[[ INFORMATION PROVIDED open ]]

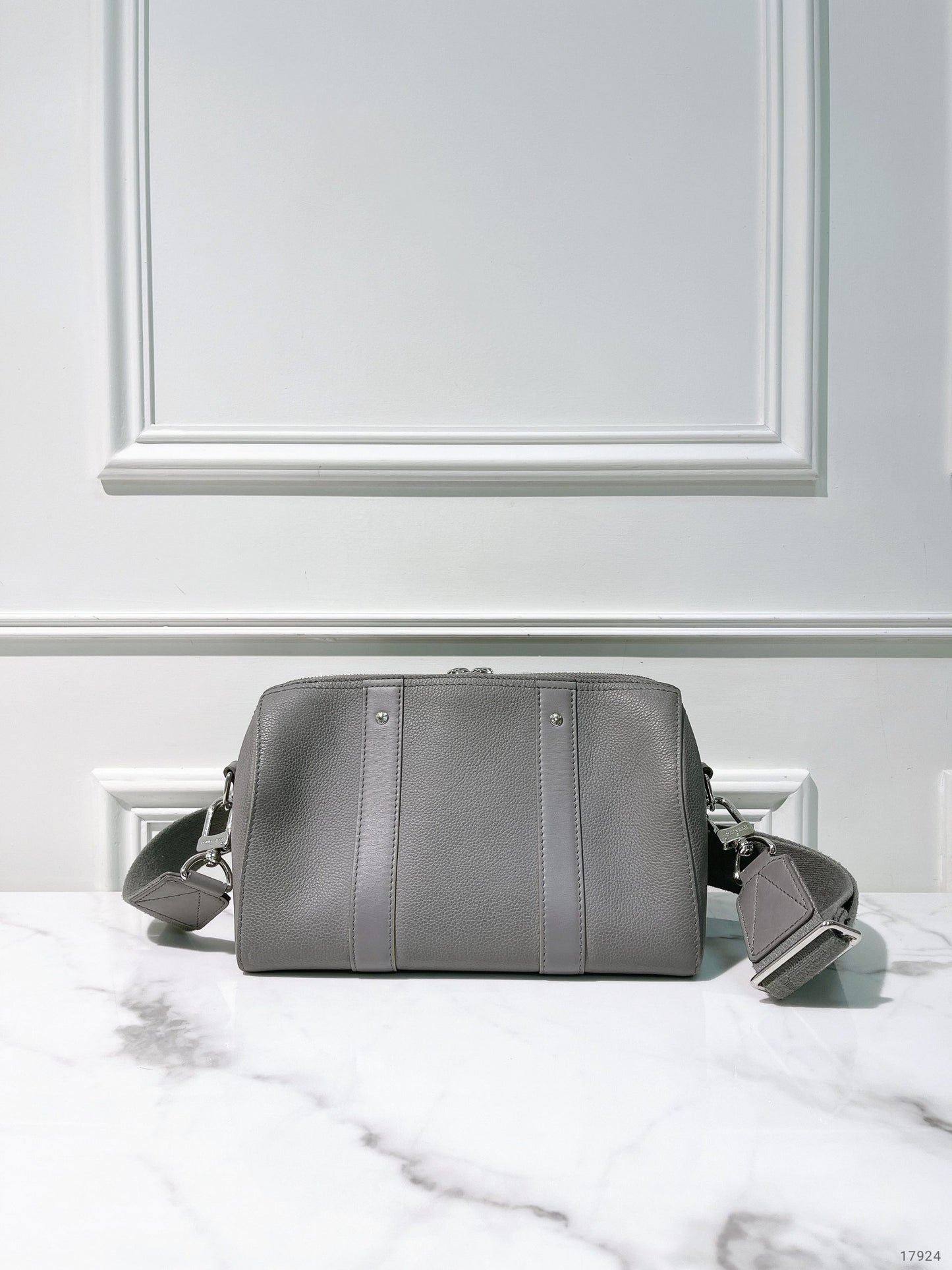 LV CITY KEEPALL, Grey/Silver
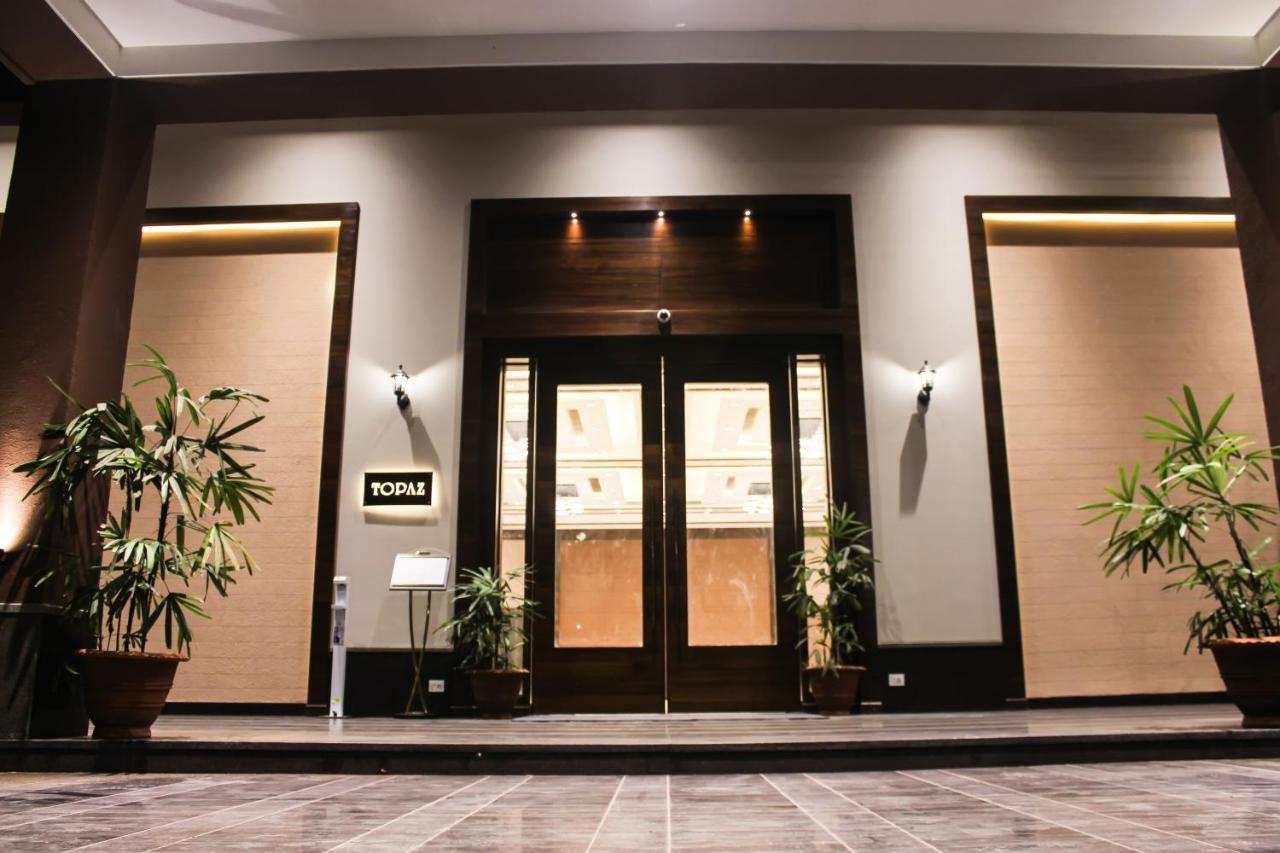 Hotel Rajhans Abhinandan ボーパール エクステリア 写真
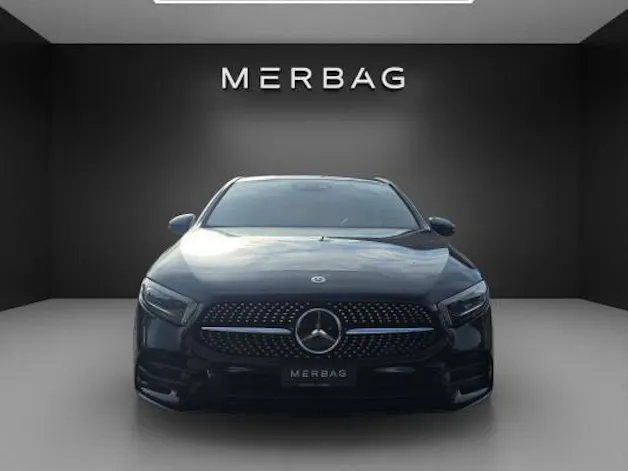 MERCEDES-BENZ A 180 Night Star AMG Line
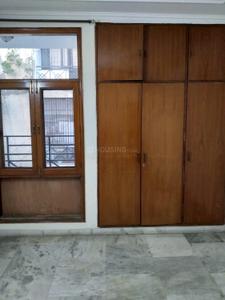 Bedroom Image of 2200 Sq.ft 3 BHK Builder Floor for rent in Defence Colony New Delhi for Rs. 80000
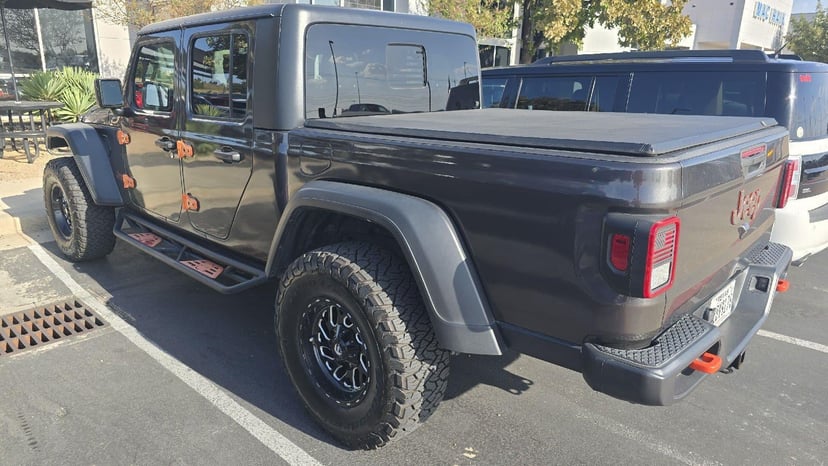 2021 Jeep Gladiator - Image 3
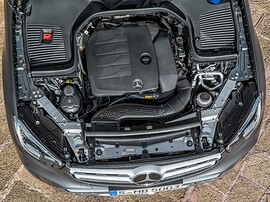 Mercedes-Benz GLC-Класс 2.0 4MATIC AT Premium Plus (GLC 200): моторный отсек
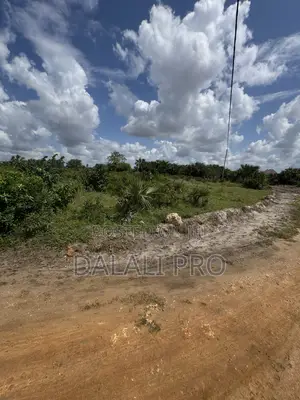 Kiwanja Kinauzwa Gezaulole Kigamboni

[[ INFORMATION PROVIDED closed ]]

AIM OF THE EXERCISE
What you output must match the data exactly, apart from the pictures, which are left out.

WRITTEN SOLUTION
 LV CITY KEEPALL, Grey/Silver
 Hotel Rajhans Abhinandan ボーパール エクステリア 写真
 MERCEDES-BENZ A 180 Night Star AMG Line
 Bedroom Image of 2200 Sq.ft 3 BHK Builder Floor for rent in Defence Colony New Delhi for Rs. 80000
 2021 Jeep Gladiator - Image 3
 Mercedes-Benz GLC-Класс 2.0 4MATIC AT Premium Plus (GLC 200): моторный отсек
 Kiwanja Kinauzwa Gezaulole Kigamboni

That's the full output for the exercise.